02/20/2026
As part of American Heart Month, our CCMH Registered Dietitian is providing you with "Food Facts Friday," which helps bring awareness to heart health through eating right and reducing risk factors. Heart health is influenced not only by genetics and physical activity, but also by the nutrients consumed on a daily basis. With heart health, it’s not only about what you limit, but also about what you do eat that matters.

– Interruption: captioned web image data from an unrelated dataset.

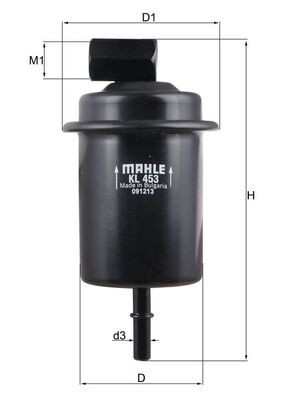 MAHLE ORIGINAL KL 453 Číslo výrobce: 76831275. EAN: 4009026503768.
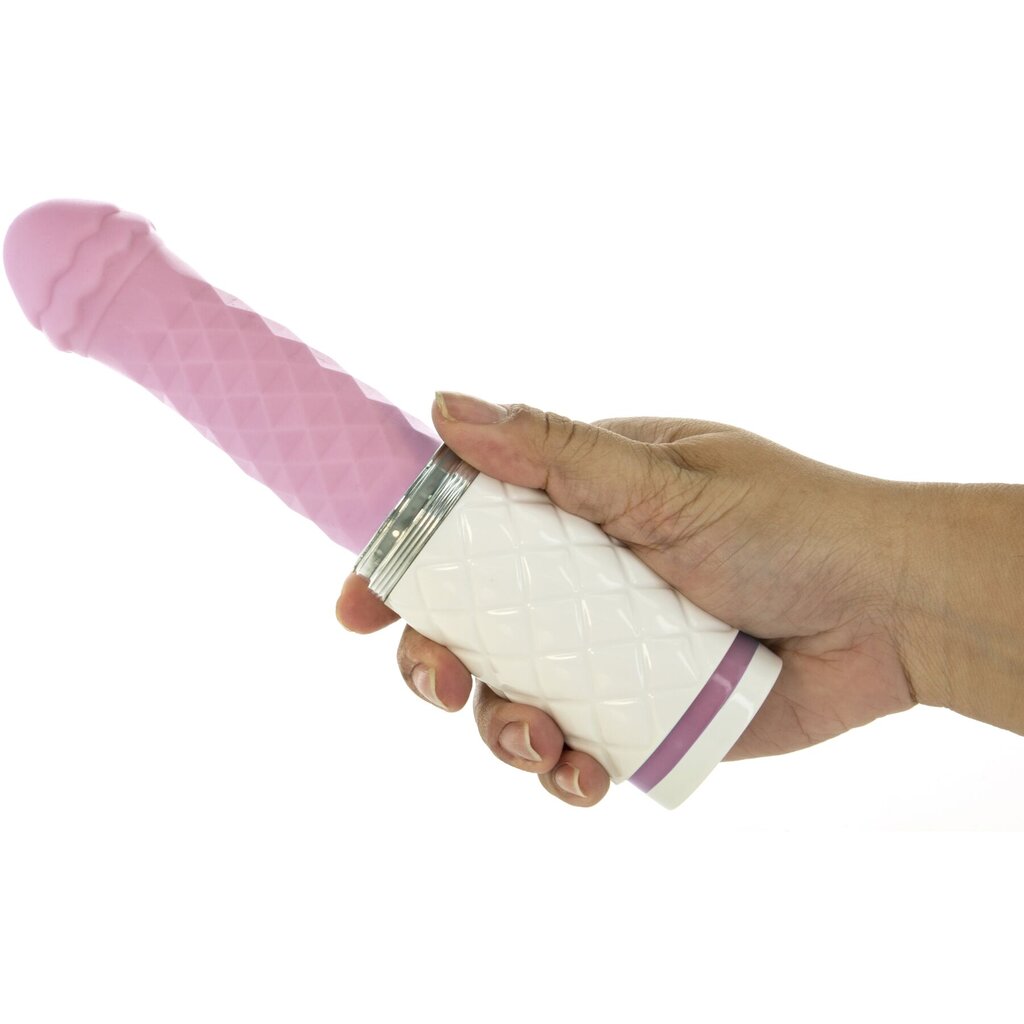 Розкішний вібратор-пульсатор з присоскою Pillow Talk - Feisty Thrusting Vibrator Pink - Фото №5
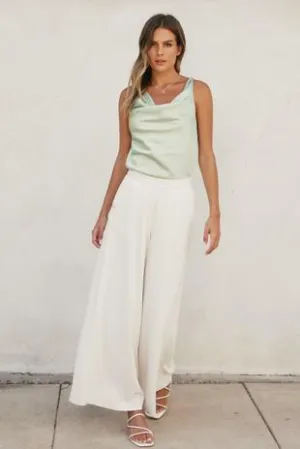 Spring Flow Extra Wide Leg Pant - Taupe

In week three, we will briefly discuss how fiber plays a distinct and important role in maintaining cardiovascular function.
Fiber and Cardiovascular Protection
Dietary fiber is one of the most consistently beneficial nutrients for heart health. Soluble fiber, found in foods such as oats, beans, lentils, fruits, and vegetables, helps lower LDL (“bad”) cholesterol by reducing its absorption in the intestines. Fiber also improves glycemic control, supports healthy gut bacteria, and promotes satiety, which can aid in weight management. High-fiber diets are associated with lower rates of coronary heart disease, stroke, and hypertension.
Good Sources of Heart Healthy Fiber: black beans, navy beans, chickpeas, lentils, whole grain oats, quinoa, brown rice, whole grain bread, whole grain pasta, barley, raspberries, blackberries, pears and apples with skin, almond, walnuts, flaxseed, bananas, avocados, chia seeds, and broccoli, carrots, sweet potatoes, brussels sprouts, and artichokes.